I didn’t carry the laptop around all that much and this file, among countless others, was long forgotten in a “backup” folder in My Documents. I then got an eMachines box (can’t remember the exact specs) in the early 2000’s on sale at our local Staples and it received the entire hard drive contents of the Dell (about 20GB worth of files “created” on the new PC) and this file too sat there for many moons.

I went through all of 2004 until I cracked open the old eMachines again and Lo and behold! Old stuff!!

This, along with the rest of the super massive 60GB that had accumulated on the eMachines ended up on a second custom PC and it’s 500GB drive that I got from a reseller after the DotCom bust.

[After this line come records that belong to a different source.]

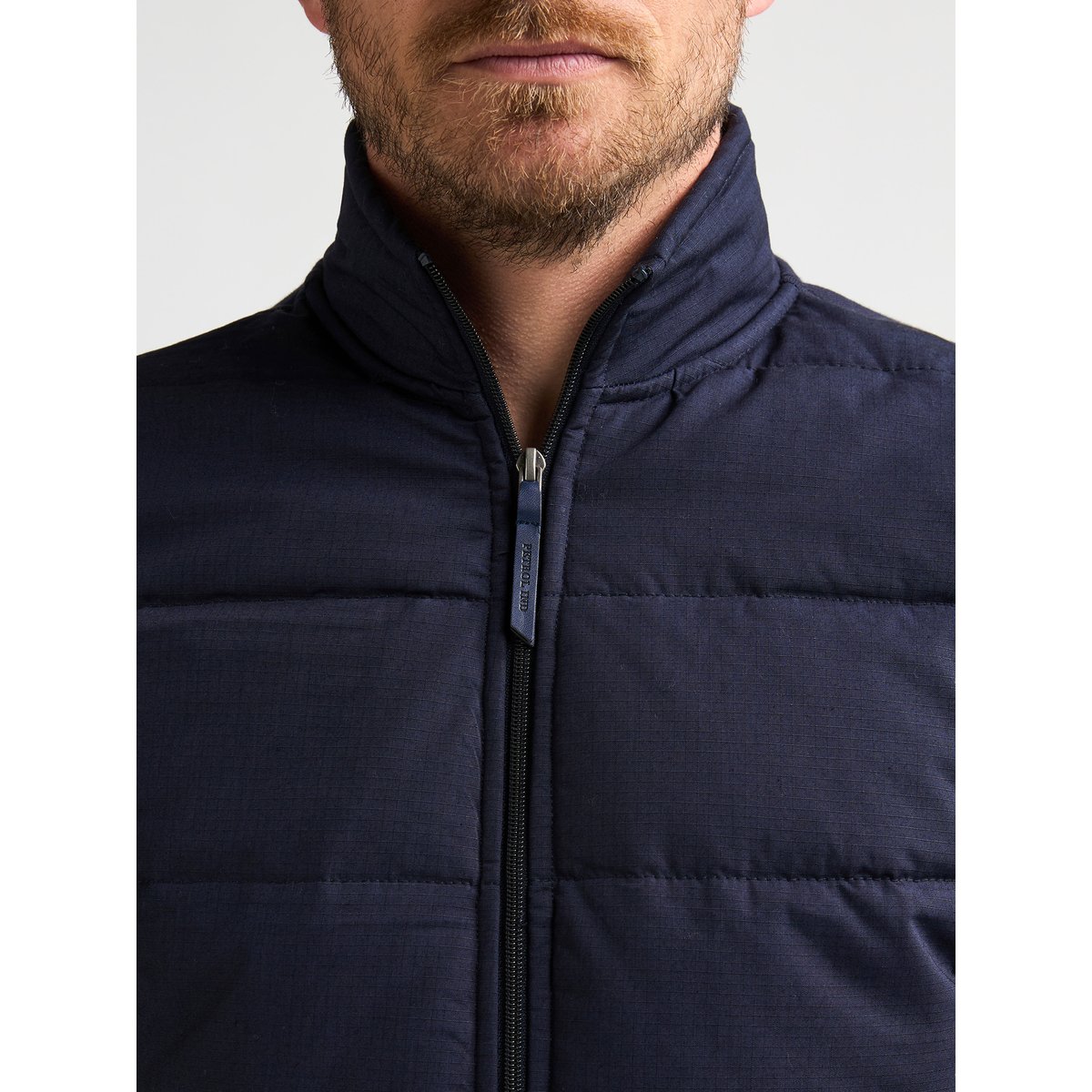 Pull matelassé hybride millcrest bleu royal navy, PETROL INDUSTRIES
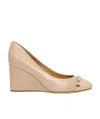 Ferragamo Round Head Heels In Nude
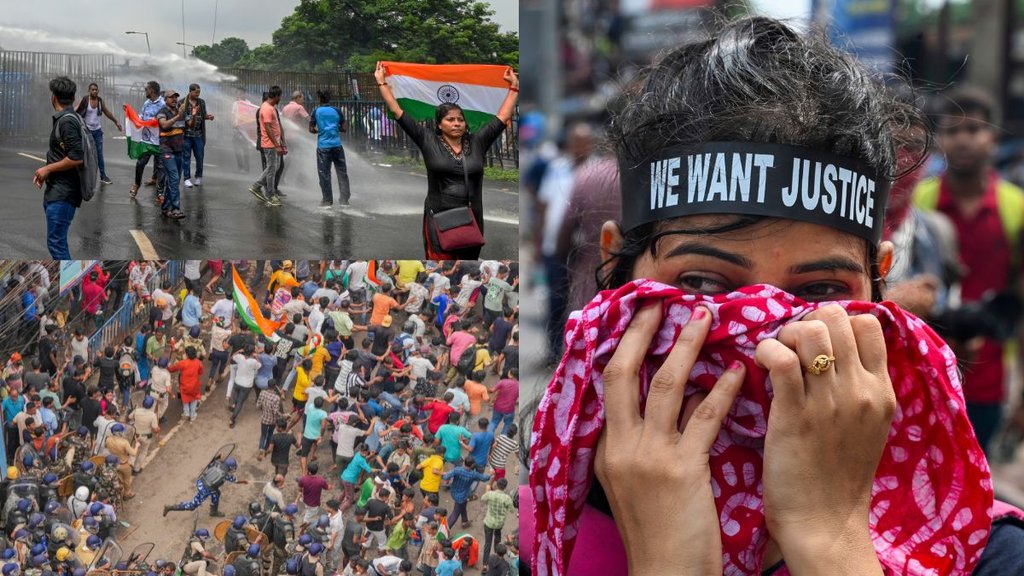 nabanna protest, nabanna protest video, kolkata bandh, bengal bandh news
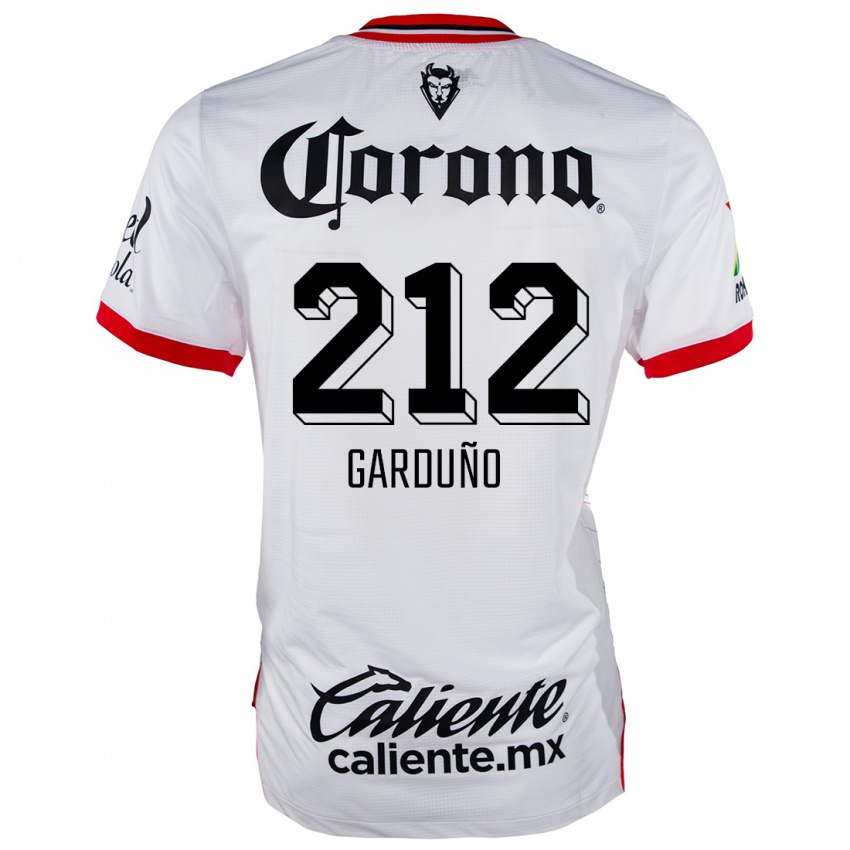 Homem Camisola Carlos Garduño #212 Branco Vermelho Alternativa 2024/25 Camisa Brasil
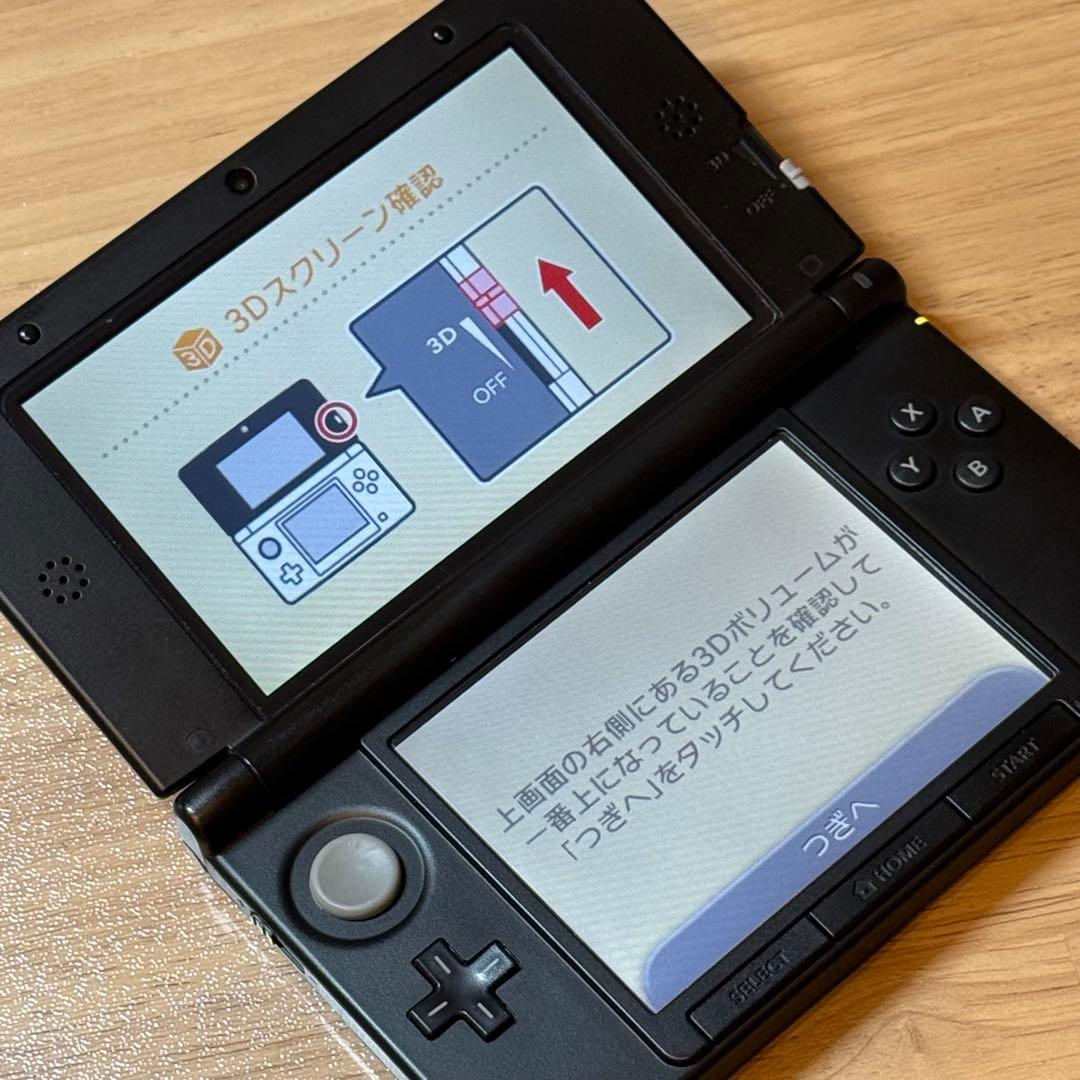8-051 ニンテンドー3DS LL ブラック 箱付き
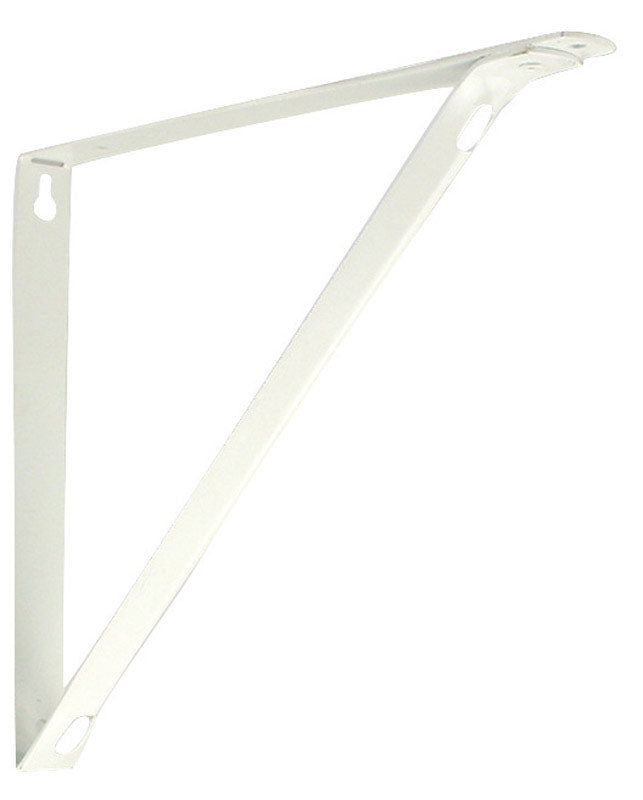 KNAPE & VOGT - Knape & Vogt Closet Pro White Steel Bracket N/A Ga. 10.25 in. L 250 lb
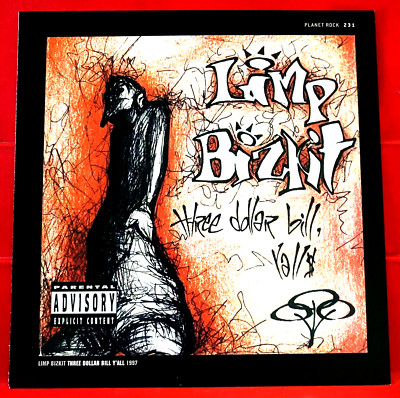 Limp Bizkit Three Dollar Bill, Yall$ Album Cover Art PICTURE / PRINT 7'' x 7''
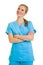 Woman in medical doctor suit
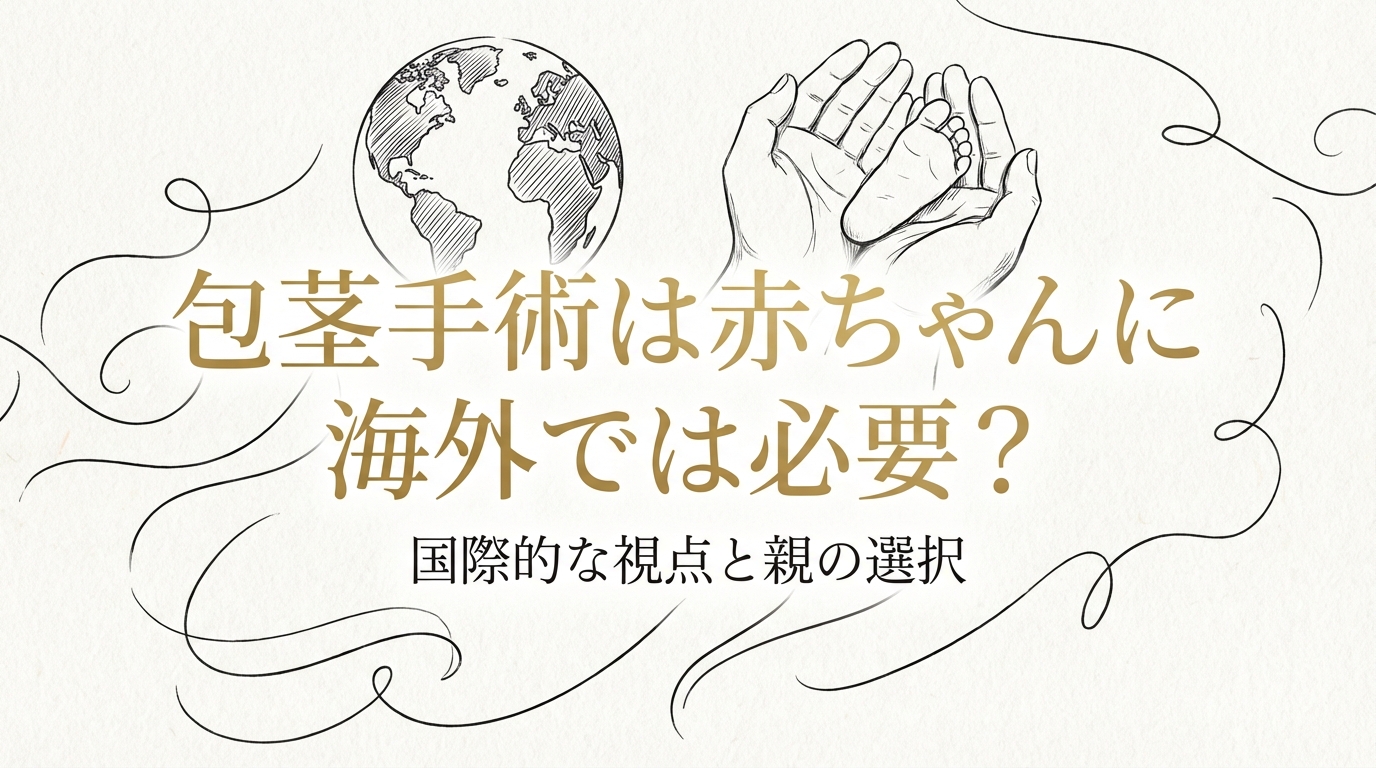 包茎手術は赤ちゃんに海外では必要？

And there it sat again until the drive was moved to yet another custom PC and then another, until finally, after the drive started making the proverbial death clicks, it was moved to its final (maybe) resting place on a new-ish 1TB WD drive after almost 14 years. My, how far it’s travelled.

All this just goes to show how far our digital legacy has come as I’m sure for some people there are older, “proper”, documents and files that have survived to this day.

Of course, this is far from the oldest file out there. On the Internet at least, I came across a pretty old W3C document (RTF) that discusses a proto-WWW by Tim Berners-Lee. The last modified date of this document is in August of 1990.

Anyone else come across a piece of digital nostalgia?